Do a Double Take on Your Lighting Situation

In this series we’ve discovered that when you’re planning your perfect meeting room, it’s important to consider your audience, furnish the space with care, and select appropriate audiovisual equipment. Now let’s turn to our penultimate topic—lighting.

It would be a shame to construct a room that perfectly meets your usage goals and is filled with all the right stuff, only to flip the switch and find the lighting insufficient. There are many ways improper lighting can detract from a meeting, but with a little planning you can easily avoid such issues.

Get Control Over Your Lights

First, make sure you have complete control of your lighting. Filling your ceiling with bright fluorescent lights is not a one-size-fits-all solution, as different meeting scenarios require different levels of brightness. For example, if you’re presenting a slideshow or a video, the lights should be low to keep the audience focused on the screen; conversely, if the room is too dark during a brainstorming session or video call, the participants may get too sleepy to provide much value.

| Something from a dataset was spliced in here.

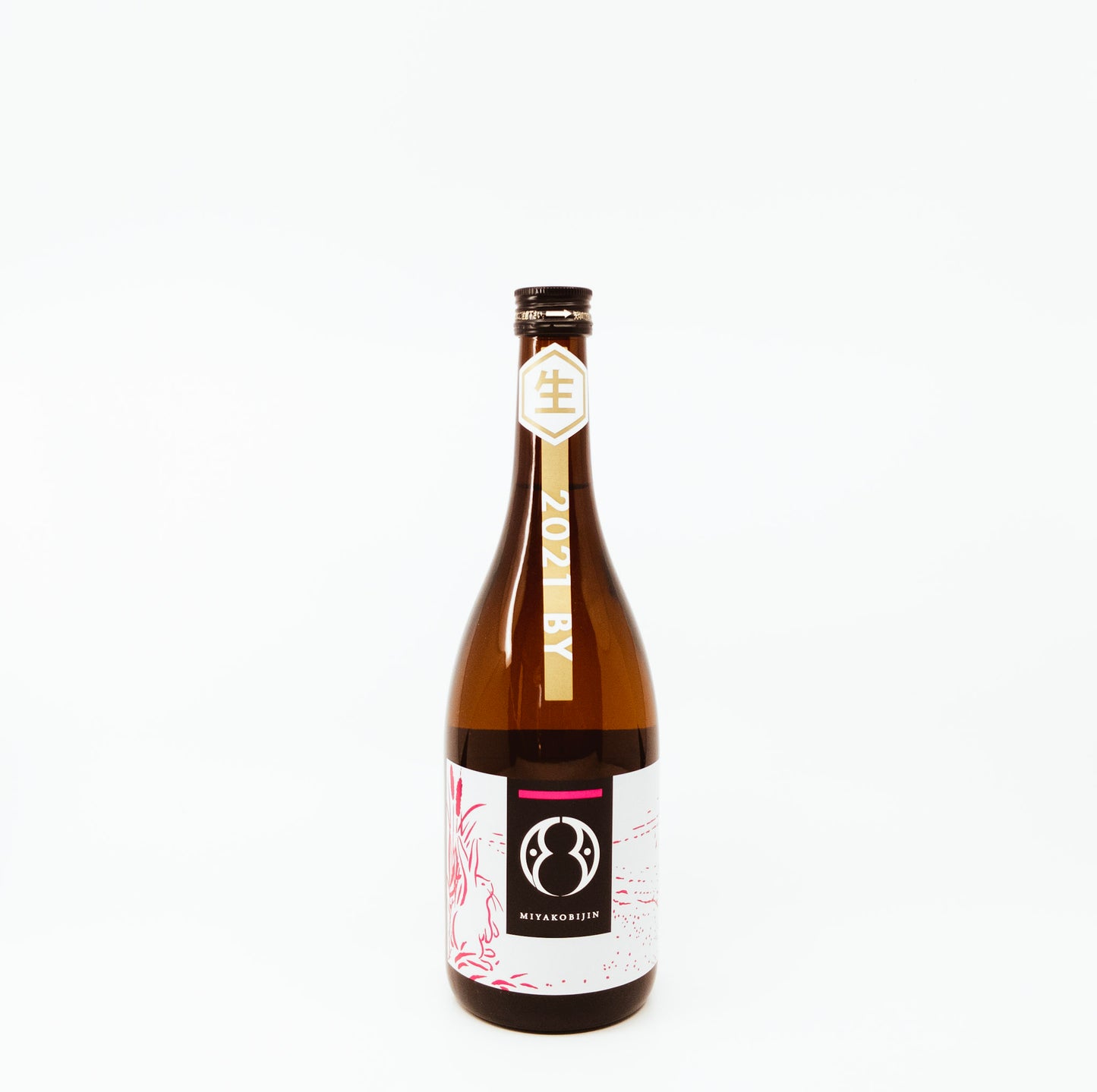 glass bottle with red feathers on label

Therefore, whatever your lighting setup is, it’s a great idea to separate them into different electrical zones and install dimmers. Sure, the sheer number of switches on the wall can seem daunting to work with at first, but it’s worth the trouble in the long run.

Windows are another key factor. Natural lighting is great for productivity and morale, but it doesn’t work well for video calls, especially when it confuses the camera by mixing with artificial light. Even though options like the AVer CAM540 feature advanced light balance and noise reduction, you should still ensure minimal interference for a smoother performance.

If your meeting room possesses windows, make sure you also have a way to cover them. Depending on how directly the sun hits your building, you may need a solution as intense as complete blackout shades or as simple as thin curtains.

Put the Right Lights in the Right Places

Being able to control the brightness and sources of lighting is important, but you also need to put the right lights in the correct places. Before you do that, though, you'll need to understanding a little bit about light color temperature and how it affects productivity.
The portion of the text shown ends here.